YOUR ASSIGNMENT -
Return the listing verbatim, images left out.

*** DATASET SECTION

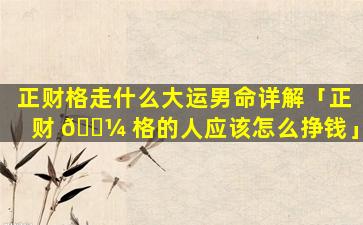 正财格走什么大运男命详解「正财 🌼 格的人应该怎么挣钱」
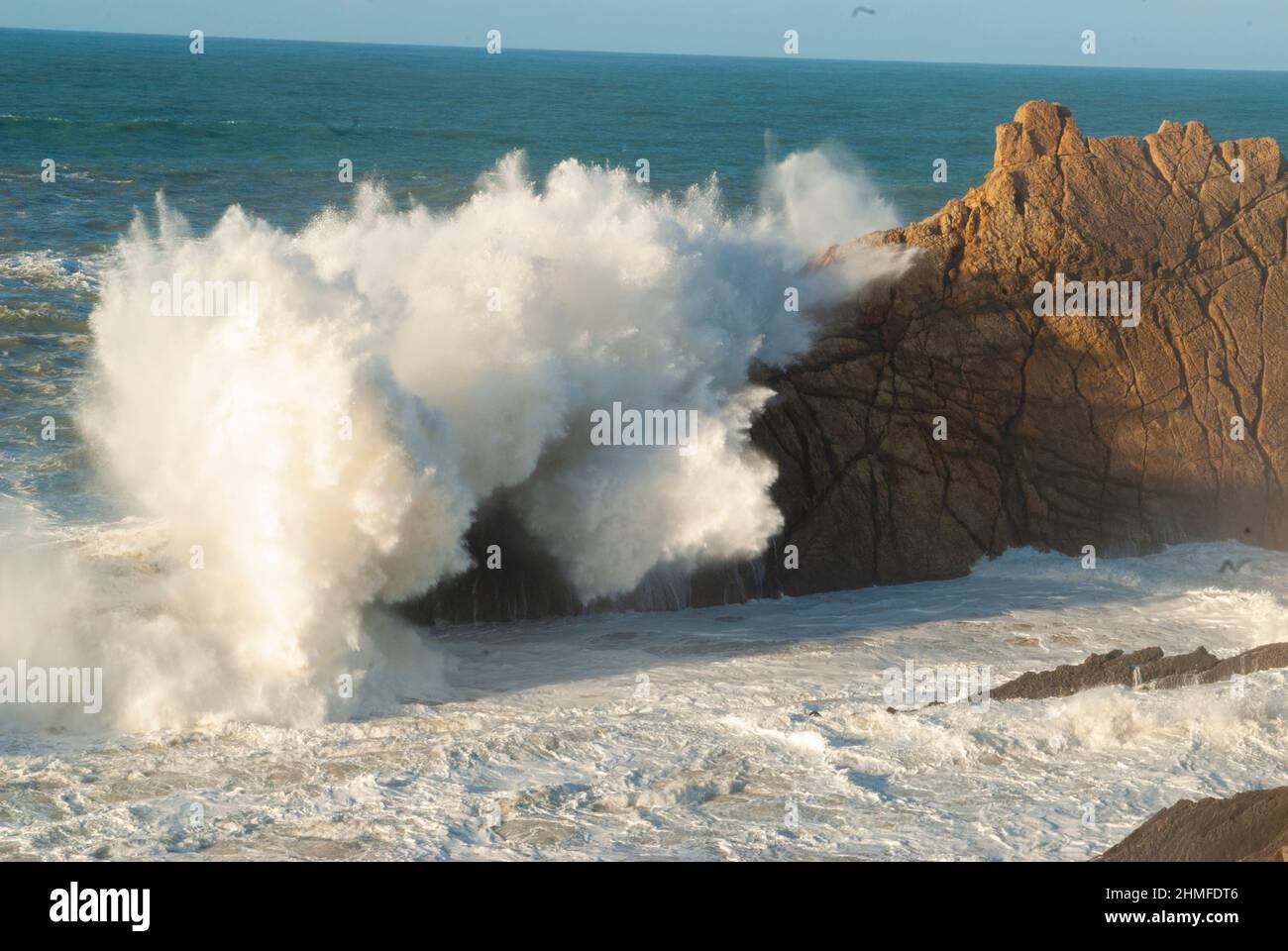 Cantabrian sea storm on the coast Stock Photo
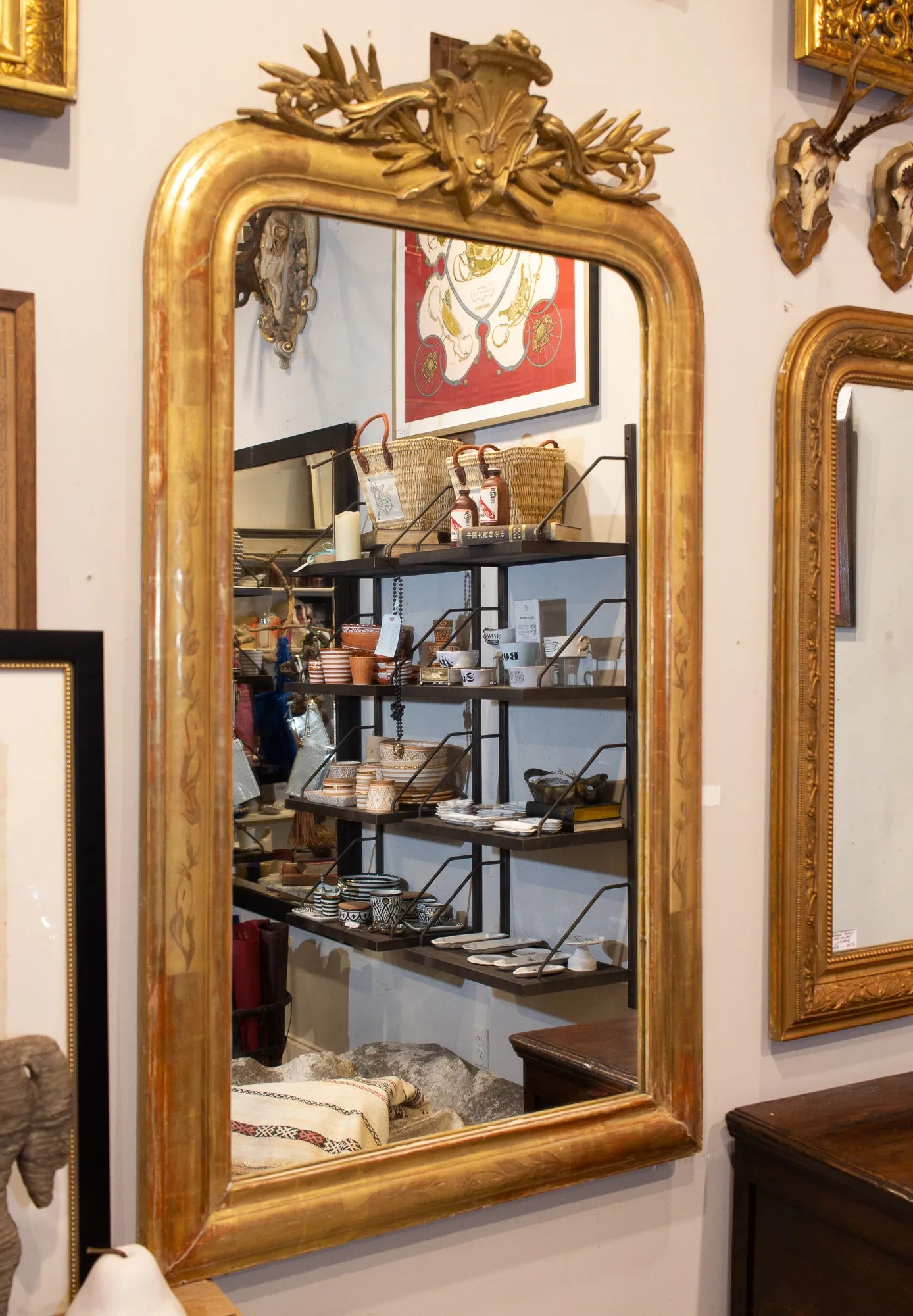 Antique French Gilt Louis Philippe Mirror with Ornate Cartouche and Floral Frame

******

ANSWER FOR THE TASK -
 正财格走什么大运男命详解「正财 🌼 格的人应该怎么挣钱」
 Cantabrian sea storm on the coast Stock Photo
 Antique French Gilt Louis Philippe Mirror with Ornate Cartouche and Floral Frame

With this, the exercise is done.